This organization tends to make for very long tables. For example, the `gapminder` data has 1704 rows: 12 years of data for 142 countries. We might want to show median life expectancy for each continent (5 rows) in three different years. This would make a nice compact table, but it seems like the data is not in the right shape for this.
## Pivot wider
We'll start by selecting three years (1987, 1997, 2007) and computing the median life expectancy for each continent in each year. (The median for the continent may not be representative of all countries in the continent, but we'll worry about that some other time.)
```{r}
t1 <- gapminder %>%
filter(year %in% c(1987, 1997, 2007)) %>%
group_by(continent, year) %>%
summarise(median_life_expectancy = median(lifeExp), .groups = "drop")
t1
```
Now we can see the data and it's not too large, the reshaping problem is clearer.

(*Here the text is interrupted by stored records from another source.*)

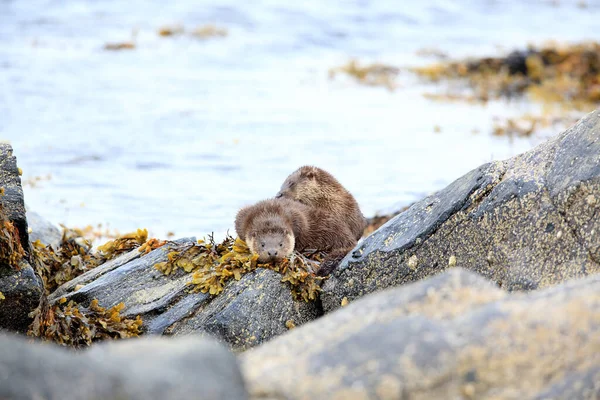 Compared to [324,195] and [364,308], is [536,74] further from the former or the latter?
[364,308]

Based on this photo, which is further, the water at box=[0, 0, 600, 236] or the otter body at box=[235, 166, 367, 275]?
the water at box=[0, 0, 600, 236]

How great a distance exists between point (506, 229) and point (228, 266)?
2.32 meters

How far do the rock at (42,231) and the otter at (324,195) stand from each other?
119 inches

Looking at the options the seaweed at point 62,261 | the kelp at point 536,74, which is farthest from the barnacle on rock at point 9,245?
the kelp at point 536,74

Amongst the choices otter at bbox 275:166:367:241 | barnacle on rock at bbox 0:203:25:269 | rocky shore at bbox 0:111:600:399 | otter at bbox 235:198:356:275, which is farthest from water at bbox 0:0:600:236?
barnacle on rock at bbox 0:203:25:269

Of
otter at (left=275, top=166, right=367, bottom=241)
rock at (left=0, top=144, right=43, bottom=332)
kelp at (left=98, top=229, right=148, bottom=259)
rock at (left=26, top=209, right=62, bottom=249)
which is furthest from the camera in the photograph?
rock at (left=26, top=209, right=62, bottom=249)

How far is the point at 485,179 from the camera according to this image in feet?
20.1

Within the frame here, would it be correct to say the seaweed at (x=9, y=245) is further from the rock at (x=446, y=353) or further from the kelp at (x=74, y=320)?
the rock at (x=446, y=353)

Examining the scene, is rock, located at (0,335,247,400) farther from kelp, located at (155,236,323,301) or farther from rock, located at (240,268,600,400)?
kelp, located at (155,236,323,301)

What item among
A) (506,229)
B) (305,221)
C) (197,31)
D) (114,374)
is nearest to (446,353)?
(114,374)

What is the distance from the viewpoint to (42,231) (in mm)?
9336

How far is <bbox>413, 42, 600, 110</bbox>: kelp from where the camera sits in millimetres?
19938

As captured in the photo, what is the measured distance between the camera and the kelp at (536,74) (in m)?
19.9

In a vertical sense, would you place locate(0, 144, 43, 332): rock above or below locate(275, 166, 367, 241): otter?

I'd like to create a table with one row for each continent, one column for each year and the numbers in the grid should be the median life expectancy. This reshaping is called a pivot, specifically a pivot to make a wider table, and we simply need to specify the current column to use as the new names (year) and the current column to use as the values for the new grid (median_life_expectancy).
```{r}
t1 %>% pivot_wider(names_from = year, values_from = median_life_expectancy)
```
I'll give you an advanced peek at table formatting skills from the next lesson to make this look a bit better:
```{r}
t2 <- t1 %>% pivot_wider(names_from = year, values_from = median_life_expectancy)
t2 %>% rename(Continent = continent) %>%
arrange(-`2007`) %>%
kable(digits = 1) %>%
column_spec(1, bold=TRUE) %>%
kable_styling(full_width = FALSE)
```
## Pivot longer
Sometimes data a provided in a "wide" format, like the summary table above. This is often very convient for data entry and visual inspection. Suppose you wanted to use the years in the table shown above as a aesthetic in a plot, or a grouping variable in a summarise operation. You can't! So you might want to pivot the table to make it longer.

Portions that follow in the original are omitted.